— RECORD SET —
[Start of Attachment]

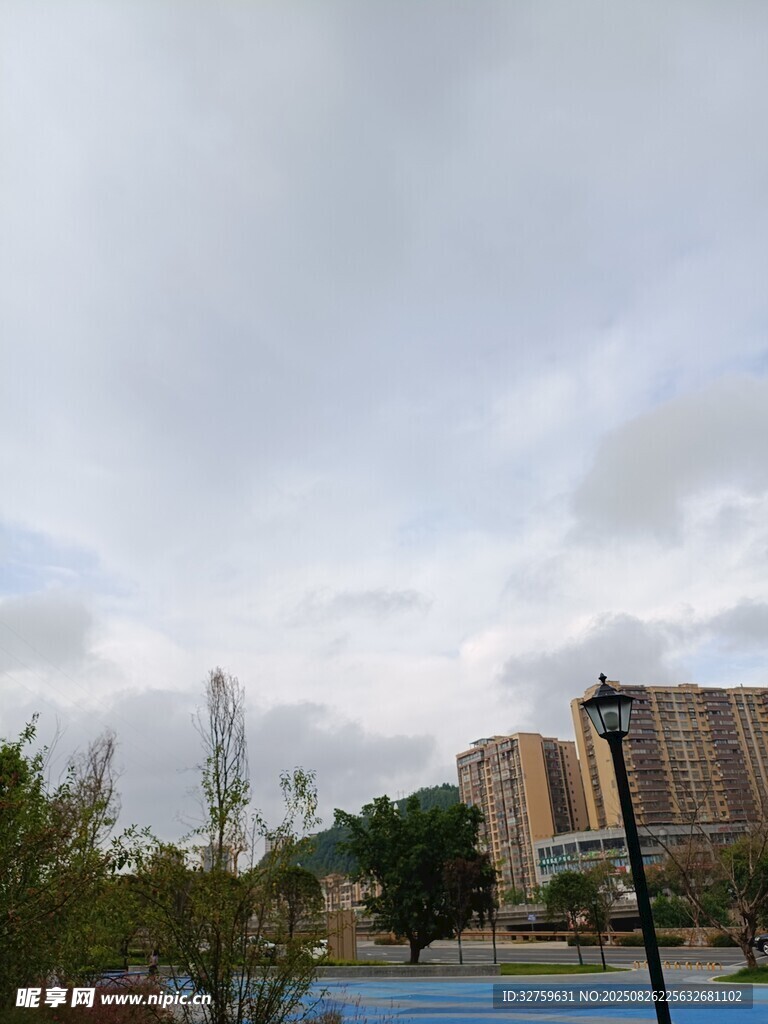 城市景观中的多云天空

[End of Attachment]
[Start of Attachment]

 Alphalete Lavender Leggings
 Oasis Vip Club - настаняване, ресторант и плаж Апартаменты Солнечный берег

[End of Attachment]
[Start of Attachment]

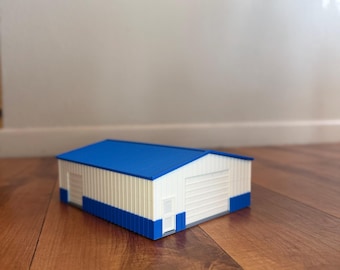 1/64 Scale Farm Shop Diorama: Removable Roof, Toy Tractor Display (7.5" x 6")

[End of Attachment]

In the listing above, find the line containing "Alphalete Lavender Leggings" and the line containing "Oasis Vip Club", then repeat those two lines and everything between them exactly.

— EXERCISE OUTPUT —
 Alphalete Lavender Leggings
 Oasis Vip Club - настаняване, ресторант и плаж Апартаменты Солнечный берег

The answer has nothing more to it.